Essas áreas afetadas muitas vezes não demarcadas ou desconhecidas fora das comunidades locais, estão sob risco constante de degradação por queimadas, abertura de áreas para agricultura e avanço de frentes ilegais. Na maioria dos casos, trata-se de danos silenciosos, que ocorrem sem alarde: estruturas de barro que se desmancham, utensílios que viram escombros e narrativas que desaparecem sem registro. Preservar o meio ambiente, nesse contexto, é também um ato de proteção ao patrimônio cultural e histórico do país.
Criado em 2022, o AWA é o primeiro projeto brasileiro do mercado voluntário de créditos de carbono gerido integralmente por uma população quilombola. A palavra “AWA”, em quimbundo, significa “Espírito da Terra” — e não por acaso. O projeto busca integrar a conservação da vegetação nativa à valorização das práticas tradicionais das comunidades do território de Gurupá, no Pará. Com mais de 2.300 moradores distribuídos em 11 comunidades, o AWA protege mais de 66 mil hectares de floresta amazônica ameaçada por desmatamento.
Durante o diagnóstico inicial do projeto, as comunidades foram convidadas a identificar áreas de importância cultural, espiritual e social. “Foi unânime: todas apontaram os sítios arqueológicos como prioridade”, relata Lana Farias, coordenadora de Comunidades da Carbonext.
“Eles mostraram objetos encontrados em atividades comuns, como roça e coleta. Garrafas de cerâmica intactas, panelas de barro, utensílios domésticos. Em um dos casos, a peça encontrada foi datada de cerca de 1800. Trata-se de uma bilha, peça usada pela comunidade para colocar água e o gole (cachaça e outras bebidas). Nosso papel como projeto é apoiar a sinalização dessas áreas e promover ações de valorização cultural, garantindo que esse conhecimento seja respeitado e transmitido às próximas gerações.”
Comunidades contam as próprias histórias
Entre as comunidades do projeto, o povoado de Nossa Senhora de Nazaré, no rio Jocojó, tem papel central. Formada por descendentes de pessoas escravizadas que fugiram do Gurupá-Mirim no século XIX, a comunidade é um exemplo vivo de resistência e reconstrução. A história local foi registrada em detalhes no livro de pesquisa comunitária elaborado por Regiane Machado dos Santos, liderança da região.

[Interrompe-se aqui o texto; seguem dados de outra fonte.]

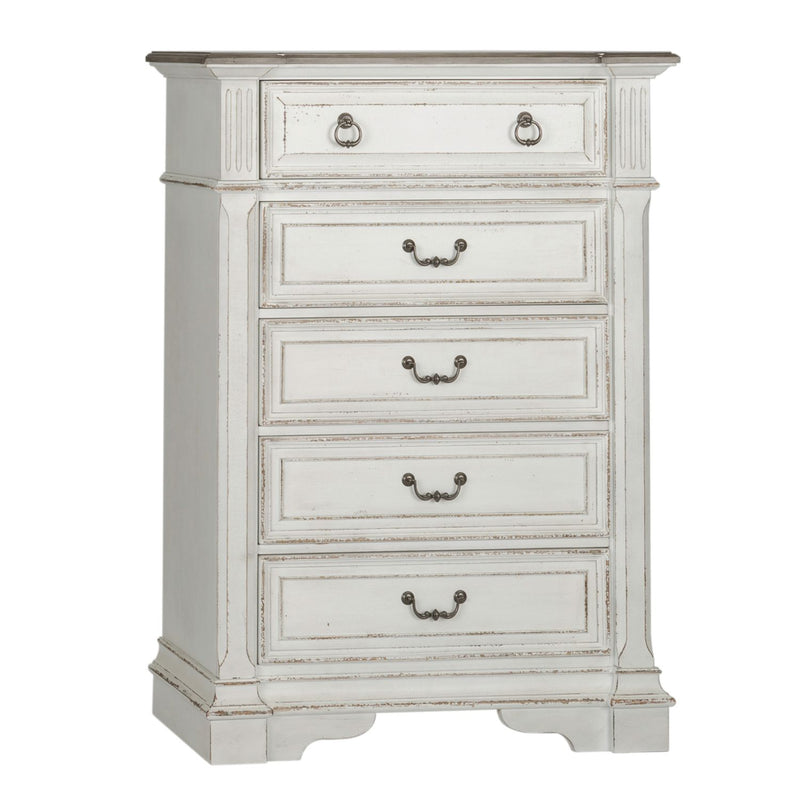 Abbey Park King Panel Bed, Dresser & Mirror, Chest, Night Stand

“A floresta que hoje é preservada guarda também os caminhos de fuga, os locais de refúgio, os vestígios das casas e dos utensílios usados por nossos antepassados. Cuidar dessa terra é cuidar da nossa história”, diz Regiane.
No relato, é possível reconstruir o percurso de Alípio, escravizado que descobriu o acesso ao atual território do Jocojó ao subir numa árvore alta para encontrar terra firme do outro lado do igarapé. A partir dali, surgiram os primeiros núcleos da comunidade, onde até hoje vivem famílias que mantêm tradições culturais como festas religiosas, ladainhas em latim, mutirões de limpeza do rio e a oralidade como instrumento de educação. Os sítios arqueológicos, identificados dentro da floresta, reforçam esse elo com o passado.
A Carbonext é uma das principais desenvolvedoras brasileiras de projetos REDD+ — modelo que visa a Redução de Emissões por Desmatamento e Degradação Florestal. Seus projetos combinam tecnologias de monitoramento remoto com ações em campo e protagonismo comunitário, atuando em frentes como gestão territorial, geração de renda, educação ambiental e valorização cultural.
Atualmente, os projetos da empresa abrangem centenas de milhares de hectares na Amazônia Legal, contribuindo para a preservação da biodiversidade e o fortalecimento das populações tradicionais.
No caso do AWA, a presença do projeto ajuda a garantir que os sítios arqueológicos sejam conhecidos, respeitados e mantidos como parte da história coletiva. Mais do que carbono, o que se protege é uma teia de vida, cultura e memória que a floresta ainda abriga — e que merece seguir existindo.